Is your incoming weather forecast OK to release butterflies in? Is it too cold? Too windy? Too rainy? To answer that question, let’s consider all of the factors that can affect a butterfly when it is released:
After all of the meticulous planning that you’ve undoubtedly undergone, we’re sure you’re excited and ready to release your butterflies. But don’t get too carried away! You want to release it at the best time for the creature’s own safety as well.
Ideal release temperatures are above 70 degrees although they can be released down to 60 degrees.

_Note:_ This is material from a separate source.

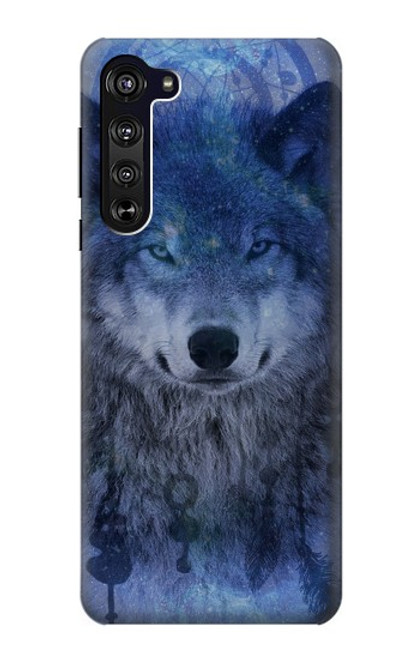 W3410 Loup Dream Catcher Etui Coque Housse et Flip Housse Cuir pour Motorola Edge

Butterflies are cold-blooded critters. Few can fly in temperatures below 60 degrees. If they must be released in cooler weather, it is best to place the butterfly underneath the end of a low tree limb, as high as you can reach. This keeps them out of the reach of ground predators such as ants. It protects them from rain and wind.
Although some species of butterflies will live through freezing temperatures, they do not fly when it is cold. If they are wet in freezing temperatures, they will die.
If it is raining too much for you to want to stand in it, don’t release butterflies in it.
Rain doesn’t harm butterflies. They live through storms. But they rarely fly in heavy rain. Instead, they land and wait for the rain to stop and for their bodies to dry before they fly again.
If you MUST release in the rain, do the same as for low temperatures. Place them underneath the end of a low tree limb, as high as you can reach.
Release an hour before sunset if possible.
Although they can be released thirty minutes before sunset, their chance of survival is greater if they are released an hour before sunset. When it is dusk or dark, they sit and wait for sunshine.
If you MUST release in the dark, do the same as for low temperatures. Place them underneath the end of a low tree limb, as high as you can reach.
If the temperature, light, and other factors are not conductive for releases, chances are that they will land on the ground where people will step on them. Even if people are careful, they often pick up butterflies to move them to a safer location. Unless people know how to pick handle butterflies, they can mishandle them, causing fatal injuries.
The butterflies you release should be released where there is grass or plants. Concrete and roads are not safe release areas.